I'd appreciate if you please take a look patch again and commit if it
is okay. I really like to see this in 1.3.11 tarball if possible.

Comment 17 Owen Taylor 2001-12-06 16:47:41 UTC

Please go ahead and check this in. Thinking about it some more,
for the big-5 problem I think we need to do something like:

"big-5,big5-eten-0"

we need a list of possible font names, because the configuration 
file won't be sufficient when we need to deal with remote displays from 
Linux to Solaris or vice versa.

Comment 18 Hidetoshi Tajima 2001-12-06 17:59:52 UTC

Thanks, I'll check in the patch.

I'll look into the 66174 today, and see if we can address big-5
problem under it.
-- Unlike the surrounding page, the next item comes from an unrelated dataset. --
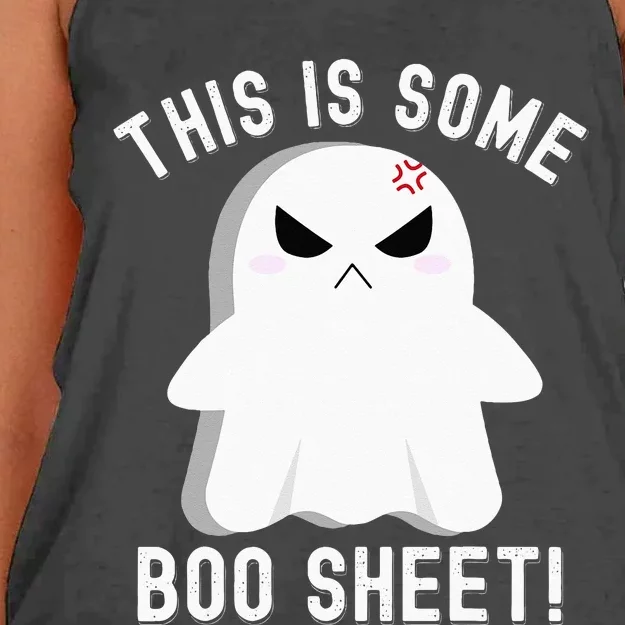 This Is Some Boo Sheet Halloween Ghost Costume Women's Knotted Racerback Tank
Otherwise, I'll log a new bug or change 
the summary of this bug.

Comment 19 Owen Taylor 2002-01-31 19:11:28 UTC

We (Red Hat) seem to ues big5-0 as our encoding for our traditional
chinese product, so maybe it is in fact the standard on Linux.

I don't think further enhancements here are needed before Pango-1.0.0;

I've filed bug 70196 to track the issue of making the mapping
more flexible, either with a config file or just allowing multiple
X names for a charset in a hardcoded fashion.

Comment 20 Abel Cheung 2002-05-03 04:14:12 UTC

The name "big5-eten-0" is not appropriate here since "eten" is a
vendor's name for some certain obsolete chinese display system.